* THE TASK
Transcribe, exactly and without pictures, the lines below from the line with "Mini Rund-Geduldsspiele, 8er" to the line with "566-teiliges DIY-Schlüsselanhänger-Set, herzförmiges", both ends included, and no others.

* MATERIAL SHOWN
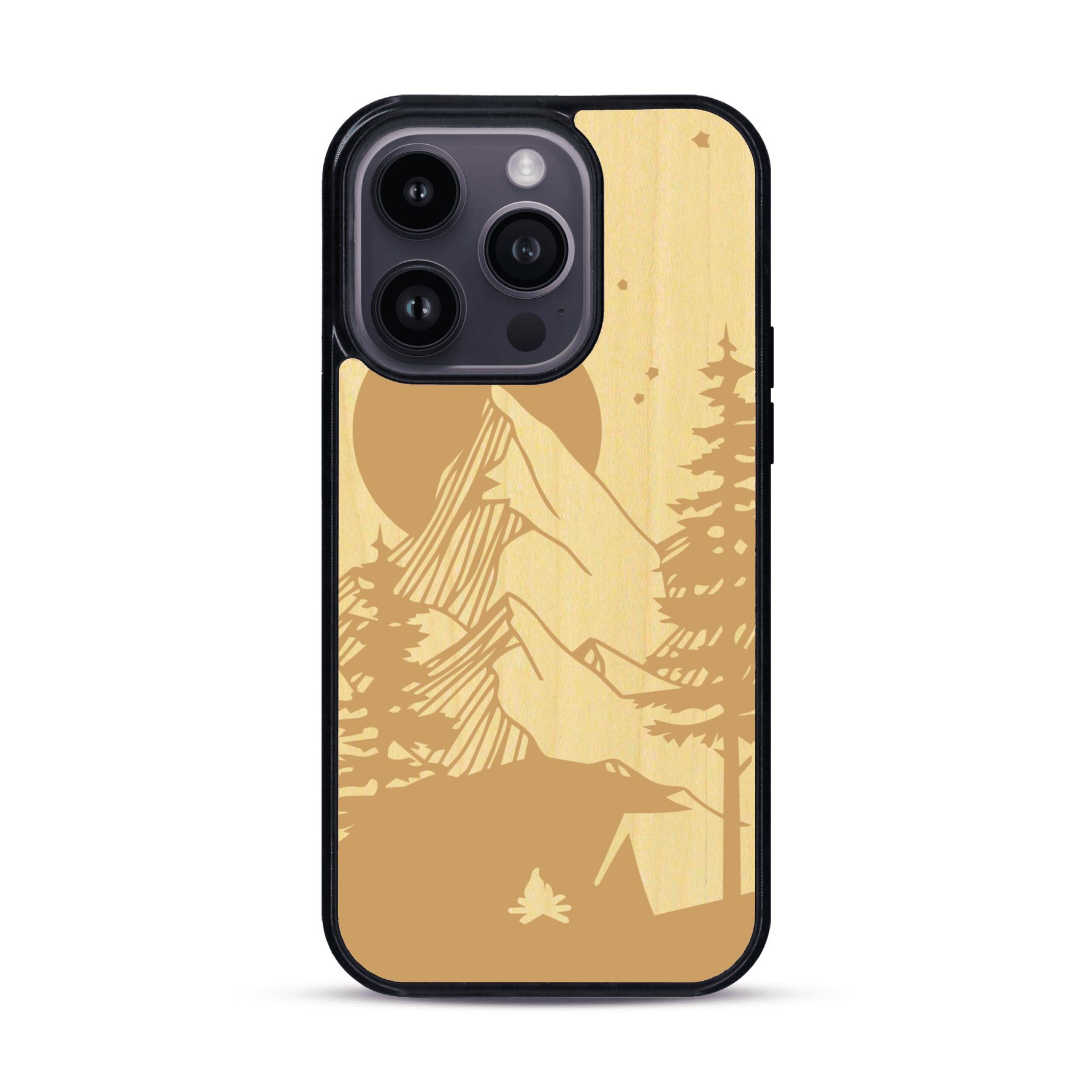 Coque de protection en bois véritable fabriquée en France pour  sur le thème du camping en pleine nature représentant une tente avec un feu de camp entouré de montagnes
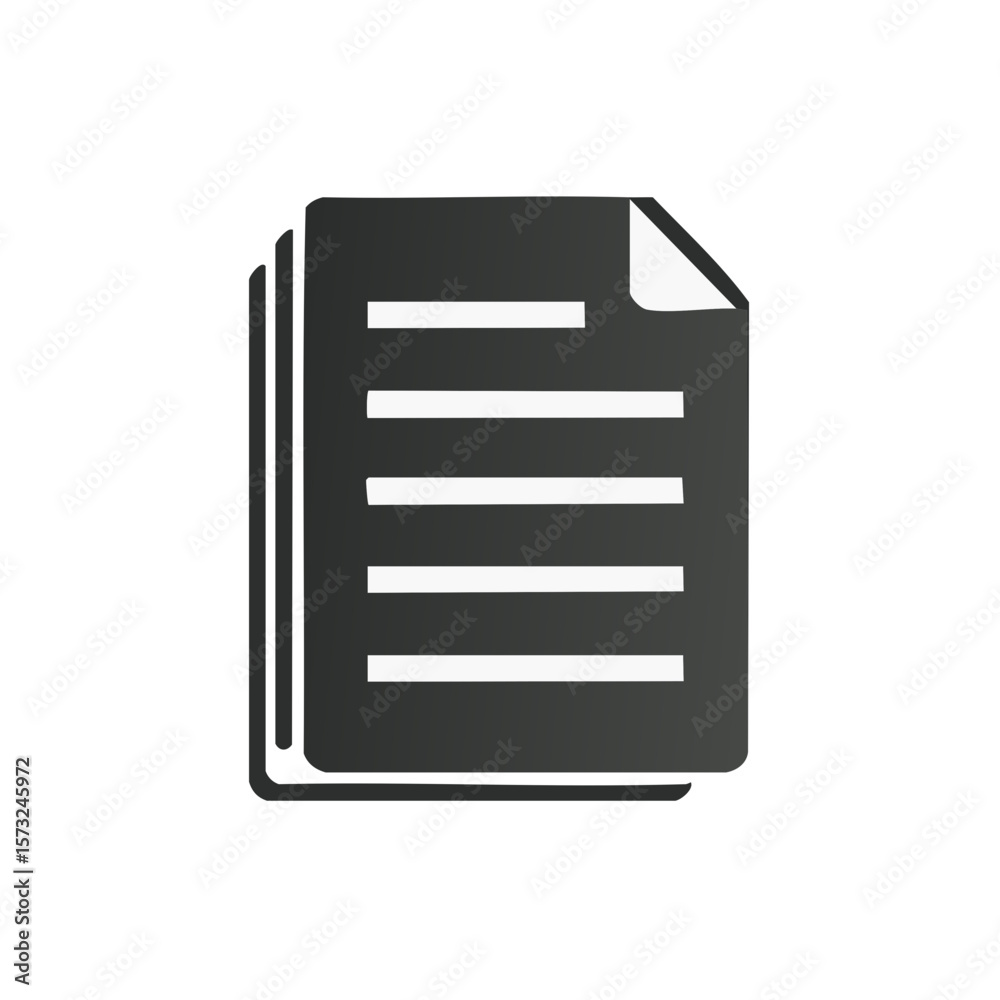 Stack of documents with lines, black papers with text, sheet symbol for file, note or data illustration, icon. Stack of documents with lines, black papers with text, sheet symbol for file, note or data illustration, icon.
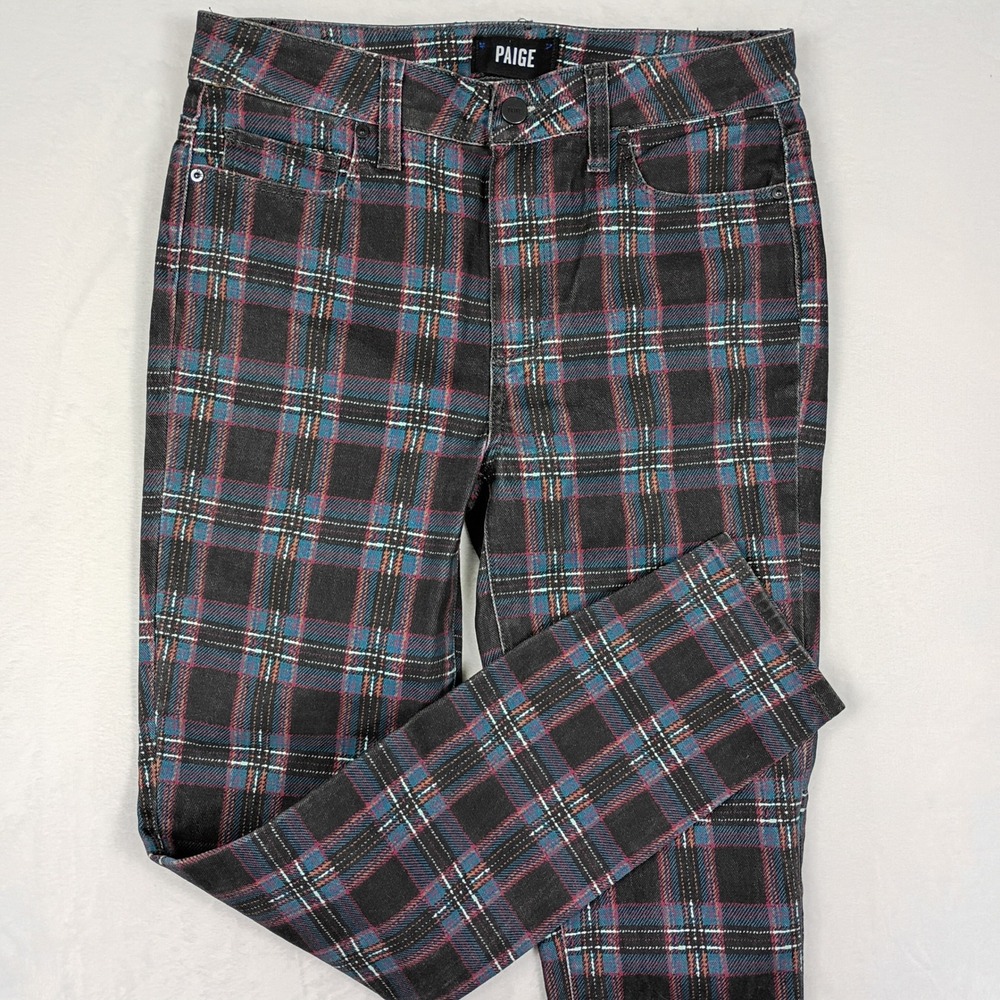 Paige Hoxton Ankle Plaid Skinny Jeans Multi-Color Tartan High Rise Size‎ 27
...
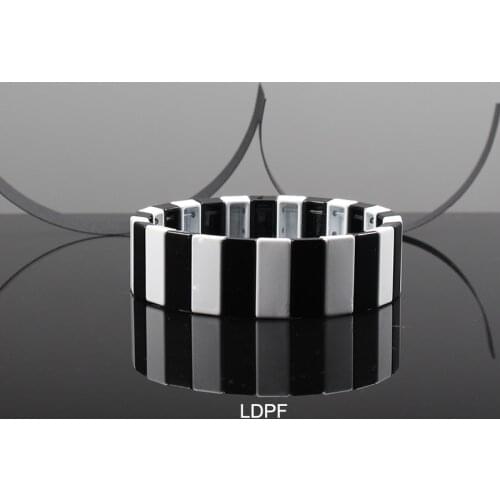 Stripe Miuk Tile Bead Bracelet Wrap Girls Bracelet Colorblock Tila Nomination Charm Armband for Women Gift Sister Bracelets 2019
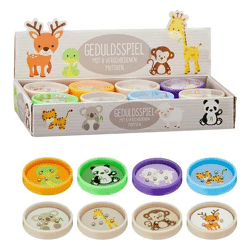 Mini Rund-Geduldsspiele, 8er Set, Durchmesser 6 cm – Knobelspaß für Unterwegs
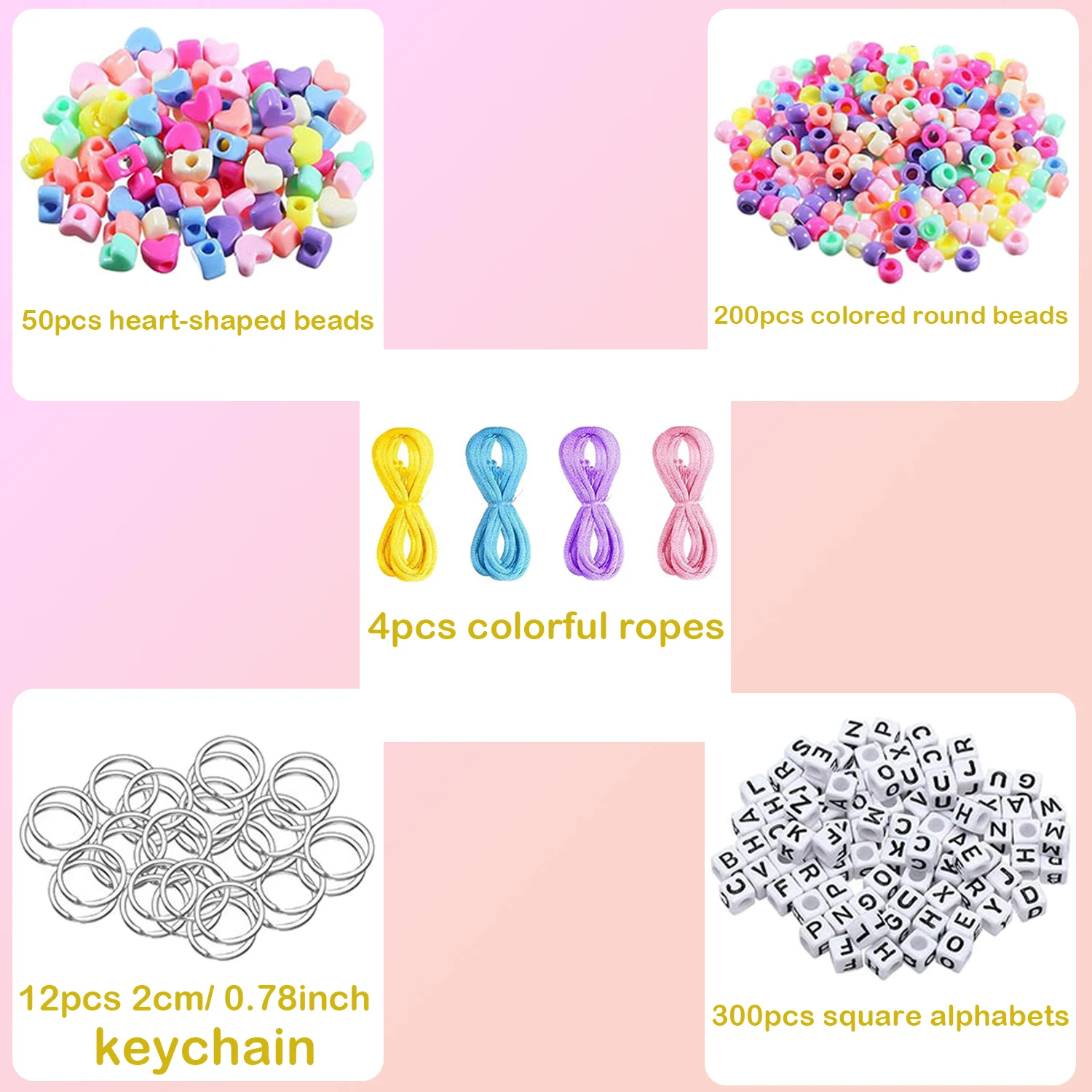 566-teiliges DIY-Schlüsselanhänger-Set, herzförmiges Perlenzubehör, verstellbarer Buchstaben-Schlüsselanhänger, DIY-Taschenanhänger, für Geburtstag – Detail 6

* SOLUTION BELOW
 Mini Rund-Geduldsspiele, 8er Set, Durchmesser 6 cm – Knobelspaß für Unterwegs
 566-teiliges DIY-Schlüsselanhänger-Set, herzförmiges Perlenzubehör, verstellbarer Buchstaben-Schlüsselanhänger, DIY-Taschenanhänger, für Geburtstag – Detail 6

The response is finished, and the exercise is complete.